## TASK ITEM
Below are the entries; give again exactly the lines from the one mentioning "безвісти зниклим Ковель" through the one mentioning "SE AFERRA ADRIÁN", inclusive.

## GIVEN RECORDS
%%

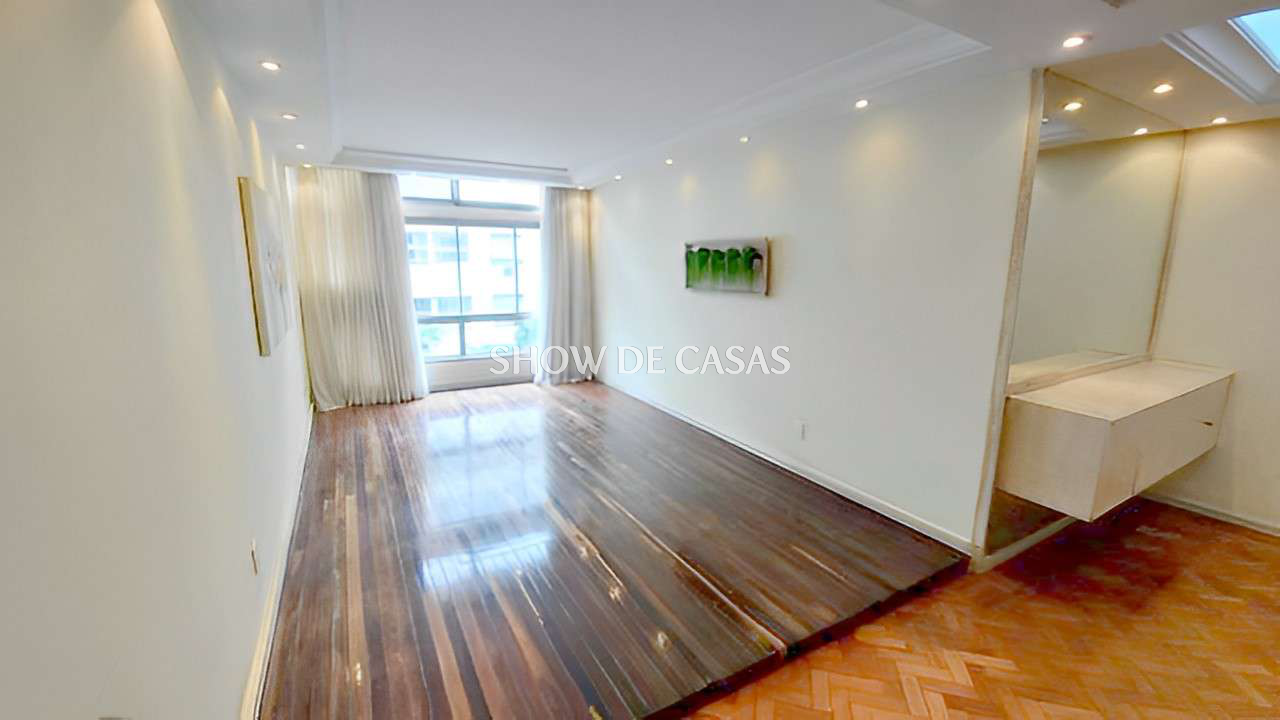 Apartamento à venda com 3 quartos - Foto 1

%%
%%

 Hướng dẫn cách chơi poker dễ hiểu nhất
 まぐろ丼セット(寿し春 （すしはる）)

%%
%%

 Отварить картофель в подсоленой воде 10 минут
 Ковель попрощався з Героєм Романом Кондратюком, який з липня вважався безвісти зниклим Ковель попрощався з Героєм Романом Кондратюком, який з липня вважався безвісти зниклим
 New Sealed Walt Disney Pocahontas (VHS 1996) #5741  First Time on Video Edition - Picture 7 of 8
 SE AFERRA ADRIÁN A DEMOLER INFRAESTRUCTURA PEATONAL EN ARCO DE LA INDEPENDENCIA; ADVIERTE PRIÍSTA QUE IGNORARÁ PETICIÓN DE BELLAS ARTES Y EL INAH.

%%

## FINISHED TASK
 Ковель попрощався з Героєм Романом Кондратюком, який з липня вважався безвісти зниклим Ковель попрощався з Героєм Романом Кондратюком, який з липня вважався безвісти зниклим
 New Sealed Walt Disney Pocahontas (VHS 1996) #5741  First Time on Video Edition - Picture 7 of 8
 SE AFERRA ADRIÁN A DEMOLER INFRAESTRUCTURA PEATONAL EN ARCO DE LA INDEPENDENCIA; ADVIERTE PRIÍSTA QUE IGNORARÁ PETICIÓN DE BELLAS ARTES Y EL INAH.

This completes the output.